Avanzamos inexorablemente hacia el triunfo de lo soso. Igual que ha pasado con el azúcar, los cocineros reducen el uso de la sal en su avance hacia una alimentación más dietética y, literalmente, más sosa.
A mediados de los noventa, un libro sobre Tano recogía una anécdota –un dato– que resume la evolución del gusto en las últimas décadas. El pastelero de Gandía contaba cómo, unos años antes, desempolvó las viejas fórmulas de la familia y comprobó que les estaba echando la mitad de azúcar que sus padres o sus abuelos a las recetas de siempre. El caso es que nunca nadie había tomado la decisión de reducir el azúcar: la disminución se había ido produciendo poco a poco, como adaptándose intuitivamente a los gustos de una clientela que tampoco había reclamado nunca, de forma expresa, nada parecido. En los paquetes de azúcar, las autoridades sanitarias no advierten que “el azúcar perjudica gravemente a sus muelas” o que “la diabetes mata”: todo se andará. Pero, de momento, en los obradores de repostería han ido echándole un poco menos de azúcar a sus bollos y a sus pasteles para ir adecuándolos a un gusto general cada vez más ortoréxico y más ligth.

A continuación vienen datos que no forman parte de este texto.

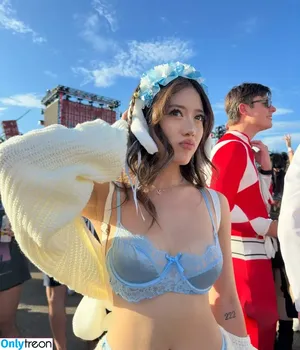 Celia Tran / celia.b.tran фото голая #0066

Algo parecido debe estar pasando con la sal: avanzamos hacia el triunfo de lo soso. Cada vez es más frecuente que nos veamos en la necesidad de pedir un salero en un restaurante o que nos resignemos a comernos un plato que ganaría con un poco de sal. El caso es que, también con frecuencia, quienes están comiendo lo mismo nos salen con un “pues yo lo encuentro bien” que nos hace sentirnos como un dinosaurio ajeno a la evolución de la especie en su avance hacia una alimentación más sana y más aburrida. Y eso que la sal misma accedió hace tiempo al rango de delicatessen, susceptible incluso de catas y análisis organolépticos, con especialidades como la sal Maldon en escamas, la sal gris de Guerande, las sales rojas o negras hawaianas, la sal rosa del Himalaya o de Cachemira, la flor de sal de Camarga o de Noirmoutier, la sal ahumada o aromatizada de Halen Mon o las sales gourmet que se extraen en Baleares. Cada vez se usa menos la sal, víctima de una demonización como la del azúcar, que tampoco es tan explícita aún como la del tabaco o la del alcohol. ¿Qué futuro les espera a las grasas o al café?